§ Brief descriptive captions
=-=-=-=-=

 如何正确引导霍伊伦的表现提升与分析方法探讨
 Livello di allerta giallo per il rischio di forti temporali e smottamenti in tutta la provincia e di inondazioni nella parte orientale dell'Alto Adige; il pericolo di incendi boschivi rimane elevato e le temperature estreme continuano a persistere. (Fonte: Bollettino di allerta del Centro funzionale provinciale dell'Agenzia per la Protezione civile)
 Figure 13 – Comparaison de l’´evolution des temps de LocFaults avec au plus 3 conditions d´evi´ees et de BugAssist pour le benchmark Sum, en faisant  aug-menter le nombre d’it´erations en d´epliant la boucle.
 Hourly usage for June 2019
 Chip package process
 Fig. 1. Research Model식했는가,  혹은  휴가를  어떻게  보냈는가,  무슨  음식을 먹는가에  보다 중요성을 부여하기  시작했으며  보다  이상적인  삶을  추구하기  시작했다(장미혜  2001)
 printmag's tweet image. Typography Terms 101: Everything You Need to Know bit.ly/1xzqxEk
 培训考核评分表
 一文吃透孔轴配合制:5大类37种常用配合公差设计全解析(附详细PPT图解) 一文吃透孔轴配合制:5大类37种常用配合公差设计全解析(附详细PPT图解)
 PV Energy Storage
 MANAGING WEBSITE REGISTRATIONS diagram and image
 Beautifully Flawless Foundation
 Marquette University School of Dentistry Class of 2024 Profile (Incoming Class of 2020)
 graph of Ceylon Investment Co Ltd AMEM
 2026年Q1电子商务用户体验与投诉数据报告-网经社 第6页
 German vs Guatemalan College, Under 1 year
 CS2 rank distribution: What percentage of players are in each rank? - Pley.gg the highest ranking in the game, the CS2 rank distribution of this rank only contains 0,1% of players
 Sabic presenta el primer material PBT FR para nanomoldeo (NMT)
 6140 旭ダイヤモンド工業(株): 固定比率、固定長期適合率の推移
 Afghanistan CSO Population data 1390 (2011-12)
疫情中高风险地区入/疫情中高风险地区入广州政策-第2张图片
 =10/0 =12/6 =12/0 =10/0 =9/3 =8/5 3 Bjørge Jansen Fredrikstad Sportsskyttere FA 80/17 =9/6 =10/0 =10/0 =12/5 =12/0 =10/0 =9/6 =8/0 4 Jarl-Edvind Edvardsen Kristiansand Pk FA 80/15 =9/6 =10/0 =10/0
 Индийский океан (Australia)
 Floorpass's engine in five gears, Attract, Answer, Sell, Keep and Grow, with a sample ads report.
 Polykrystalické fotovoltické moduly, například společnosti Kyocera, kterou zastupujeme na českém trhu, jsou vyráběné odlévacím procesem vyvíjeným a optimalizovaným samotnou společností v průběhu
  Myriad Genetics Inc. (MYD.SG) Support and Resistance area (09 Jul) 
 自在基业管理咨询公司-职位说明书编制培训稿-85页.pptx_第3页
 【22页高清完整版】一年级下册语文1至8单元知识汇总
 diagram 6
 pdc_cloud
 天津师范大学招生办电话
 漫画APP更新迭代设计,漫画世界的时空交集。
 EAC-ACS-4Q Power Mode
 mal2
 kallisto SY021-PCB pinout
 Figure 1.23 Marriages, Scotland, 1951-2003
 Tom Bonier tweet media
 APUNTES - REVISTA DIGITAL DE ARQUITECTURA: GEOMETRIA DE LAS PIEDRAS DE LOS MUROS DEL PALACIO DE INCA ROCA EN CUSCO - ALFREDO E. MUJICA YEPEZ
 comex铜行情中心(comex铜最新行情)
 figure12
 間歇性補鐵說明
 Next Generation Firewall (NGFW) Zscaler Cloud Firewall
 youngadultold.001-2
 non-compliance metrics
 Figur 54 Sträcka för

=-=-=-=-=

§ What needs to be done
What is needed is a single number: how many lines of the data contain the word "image".

§ Solved problem
2